EXERCISE OBJECTIVE: Start at the line in the entries below that contains "an empty kitchen", stop at the line that contains "A family of", and output exactly the lines in that span, both ends included.
===== DATA SUPPLIED
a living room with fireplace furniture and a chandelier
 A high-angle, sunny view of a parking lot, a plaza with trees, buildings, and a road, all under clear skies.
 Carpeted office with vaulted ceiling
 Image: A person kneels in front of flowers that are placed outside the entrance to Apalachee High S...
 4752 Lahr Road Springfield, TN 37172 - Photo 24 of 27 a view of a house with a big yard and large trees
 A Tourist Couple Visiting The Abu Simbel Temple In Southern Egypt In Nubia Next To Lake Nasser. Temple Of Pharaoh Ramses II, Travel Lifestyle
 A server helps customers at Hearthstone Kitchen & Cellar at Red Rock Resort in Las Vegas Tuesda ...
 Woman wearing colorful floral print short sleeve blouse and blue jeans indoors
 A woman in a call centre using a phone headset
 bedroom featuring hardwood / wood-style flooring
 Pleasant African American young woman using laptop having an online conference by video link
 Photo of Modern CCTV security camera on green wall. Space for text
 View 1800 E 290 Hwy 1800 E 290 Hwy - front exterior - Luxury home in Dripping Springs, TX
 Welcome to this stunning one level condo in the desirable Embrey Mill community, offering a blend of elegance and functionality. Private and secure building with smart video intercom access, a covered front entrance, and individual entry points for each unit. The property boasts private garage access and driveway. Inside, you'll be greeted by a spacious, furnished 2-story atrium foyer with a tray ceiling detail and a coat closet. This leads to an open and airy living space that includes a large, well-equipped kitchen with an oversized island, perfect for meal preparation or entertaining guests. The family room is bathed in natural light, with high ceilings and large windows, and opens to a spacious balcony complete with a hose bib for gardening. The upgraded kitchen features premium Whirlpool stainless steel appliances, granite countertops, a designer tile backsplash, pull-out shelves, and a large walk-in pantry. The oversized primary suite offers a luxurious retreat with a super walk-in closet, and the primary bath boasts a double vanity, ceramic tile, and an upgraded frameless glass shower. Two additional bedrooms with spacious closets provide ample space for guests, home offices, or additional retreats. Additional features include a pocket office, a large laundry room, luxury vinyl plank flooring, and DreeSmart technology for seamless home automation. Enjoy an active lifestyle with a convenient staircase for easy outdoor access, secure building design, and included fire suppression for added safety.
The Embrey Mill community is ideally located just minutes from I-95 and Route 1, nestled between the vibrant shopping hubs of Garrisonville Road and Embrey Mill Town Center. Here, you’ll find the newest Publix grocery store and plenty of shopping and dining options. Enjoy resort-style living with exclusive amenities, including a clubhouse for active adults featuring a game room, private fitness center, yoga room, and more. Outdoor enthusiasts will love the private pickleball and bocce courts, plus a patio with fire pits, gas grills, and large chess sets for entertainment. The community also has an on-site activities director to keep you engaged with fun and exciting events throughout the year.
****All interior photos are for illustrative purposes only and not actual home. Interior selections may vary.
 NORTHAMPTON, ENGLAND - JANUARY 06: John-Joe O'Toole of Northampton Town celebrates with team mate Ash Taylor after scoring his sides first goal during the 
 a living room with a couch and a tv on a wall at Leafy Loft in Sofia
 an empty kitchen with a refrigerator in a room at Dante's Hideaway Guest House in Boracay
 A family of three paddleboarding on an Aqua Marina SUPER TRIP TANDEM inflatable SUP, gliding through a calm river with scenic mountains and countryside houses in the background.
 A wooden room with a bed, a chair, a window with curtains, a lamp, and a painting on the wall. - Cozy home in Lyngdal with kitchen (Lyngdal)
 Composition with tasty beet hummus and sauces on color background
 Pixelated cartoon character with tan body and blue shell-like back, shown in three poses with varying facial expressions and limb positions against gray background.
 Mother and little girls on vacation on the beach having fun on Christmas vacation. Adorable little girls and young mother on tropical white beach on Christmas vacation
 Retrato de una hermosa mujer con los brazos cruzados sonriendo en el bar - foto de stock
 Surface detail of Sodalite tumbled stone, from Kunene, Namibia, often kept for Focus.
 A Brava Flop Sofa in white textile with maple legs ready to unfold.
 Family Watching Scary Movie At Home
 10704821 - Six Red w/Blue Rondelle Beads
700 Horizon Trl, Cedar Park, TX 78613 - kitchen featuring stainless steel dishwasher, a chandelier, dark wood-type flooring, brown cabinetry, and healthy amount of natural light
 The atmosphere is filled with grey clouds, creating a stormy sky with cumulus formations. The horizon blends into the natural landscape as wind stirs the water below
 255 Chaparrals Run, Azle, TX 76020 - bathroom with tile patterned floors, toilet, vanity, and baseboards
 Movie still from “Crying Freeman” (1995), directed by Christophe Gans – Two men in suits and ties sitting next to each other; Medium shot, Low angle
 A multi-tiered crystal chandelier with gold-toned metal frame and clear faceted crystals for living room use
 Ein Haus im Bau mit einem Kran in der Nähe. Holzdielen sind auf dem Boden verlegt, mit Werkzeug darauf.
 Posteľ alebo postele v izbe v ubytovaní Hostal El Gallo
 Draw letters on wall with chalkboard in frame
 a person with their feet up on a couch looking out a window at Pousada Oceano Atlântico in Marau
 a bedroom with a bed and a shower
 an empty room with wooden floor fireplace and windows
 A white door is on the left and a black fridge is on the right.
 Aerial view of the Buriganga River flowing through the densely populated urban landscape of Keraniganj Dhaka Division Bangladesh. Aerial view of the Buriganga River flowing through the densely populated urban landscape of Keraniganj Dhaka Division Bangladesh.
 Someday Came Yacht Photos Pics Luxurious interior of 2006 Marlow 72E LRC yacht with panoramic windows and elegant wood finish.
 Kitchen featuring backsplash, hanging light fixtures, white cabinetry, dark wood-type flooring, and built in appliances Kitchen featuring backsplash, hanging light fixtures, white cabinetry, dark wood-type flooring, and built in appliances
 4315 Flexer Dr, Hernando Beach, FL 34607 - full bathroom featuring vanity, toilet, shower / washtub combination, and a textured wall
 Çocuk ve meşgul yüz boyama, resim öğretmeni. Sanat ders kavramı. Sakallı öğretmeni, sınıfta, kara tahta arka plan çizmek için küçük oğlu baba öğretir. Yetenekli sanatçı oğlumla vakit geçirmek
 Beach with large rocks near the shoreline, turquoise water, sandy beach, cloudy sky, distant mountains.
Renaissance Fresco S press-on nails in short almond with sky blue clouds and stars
==========
OUTPUT FOR THIS EXERCISE:
 an empty kitchen with a refrigerator in a room at Dante's Hideaway Guest House in Boracay
 A family of three paddleboarding on an Aqua Marina SUPER TRIP TANDEM inflatable SUP, gliding through a calm river with scenic mountains and countryside houses in the background.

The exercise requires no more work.